WHAT YOU SHOULD DO ▸
In duplicating the lines below, keep every word unchanged and drop the pictures.

SOURCE DATA ▸
· · · · · · ·

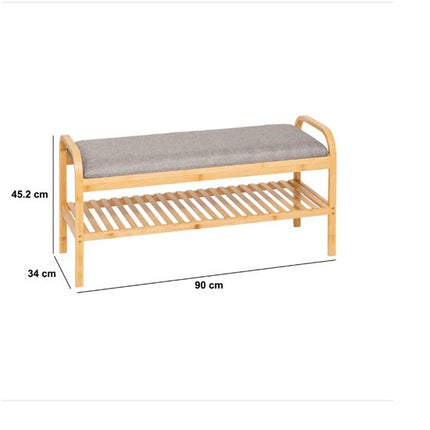 5Five Schoenenrek Bankje - 2-laags - bamboe/kunststof - 90 x 34 x 45 cm - voor 4 paar schoenen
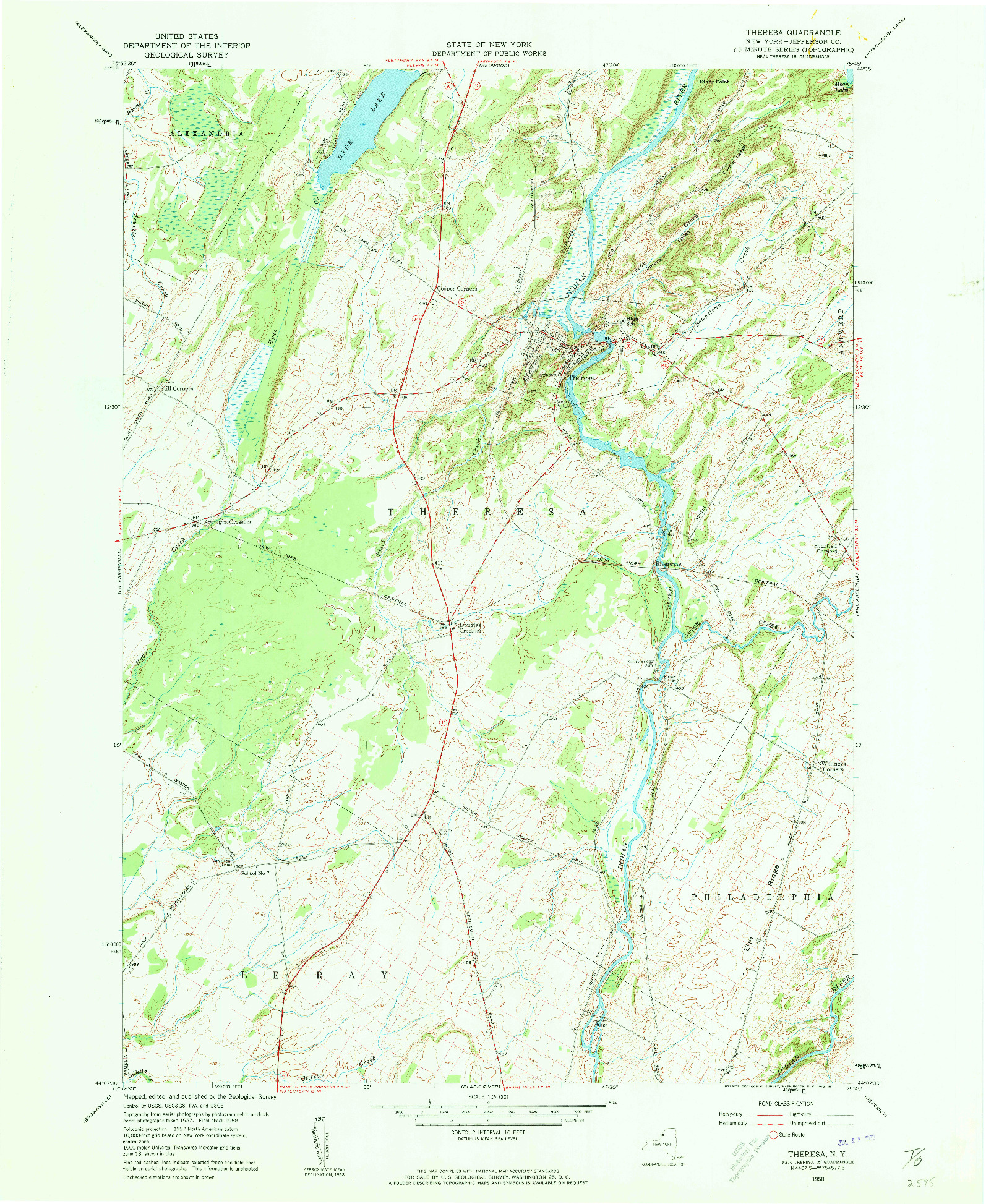 USGS 1:24000-SCALE QUADRANGLE FOR THERESA, NY 1958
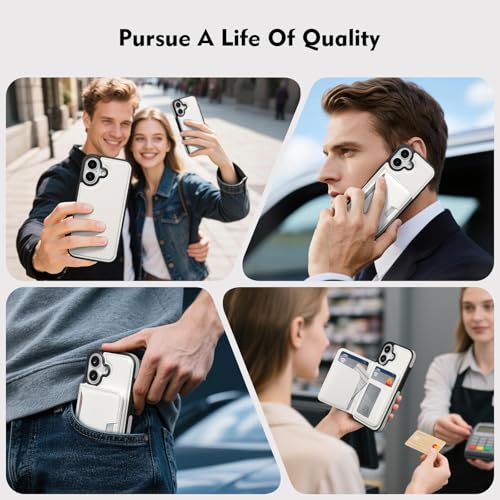Antsturdy Compatible with MagSafe iPhone 17 Wallet Case,Beige | 2 in 1 Detachable Magnetic,Credit Card Holder Slots,RFID Blocking,PU Leather,Kickstand,Flip Folio Phone Cover for Men & Women - color: Beige, size: iPhone 17 - 6.3"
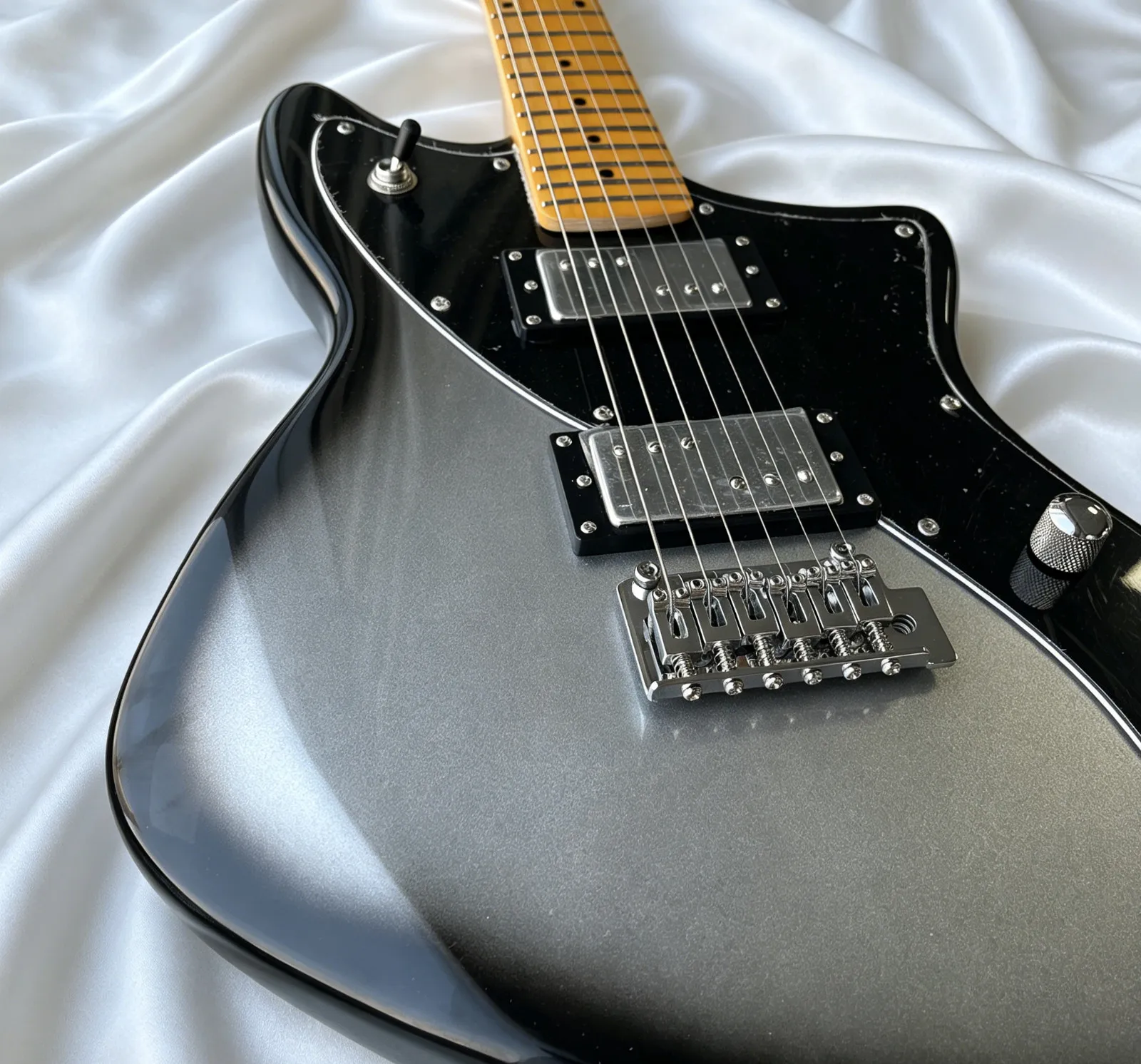 Black Silver Jazz master StyleGuitar HH Humbuckers Maple Neck  2026 hot  513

· · · · · · ·

WRITTEN RESPONSE ▸
 5Five Schoenenrek Bankje - 2-laags - bamboe/kunststof - 90 x 34 x 45 cm - voor 4 paar schoenen
 USGS 1:24000-SCALE QUADRANGLE FOR THERESA, NY 1958
Antsturdy Compatible with MagSafe iPhone 17 Wallet Case,Beige | 2 in 1 Detachable Magnetic,Credit Card Holder Slots,RFID Blocking,PU Leather,Kickstand,Flip Folio Phone Cover for Men & Women - color: Beige, size: iPhone 17 - 6.3"
 Black Silver Jazz master StyleGuitar HH Humbuckers Maple Neck  2026 hot  513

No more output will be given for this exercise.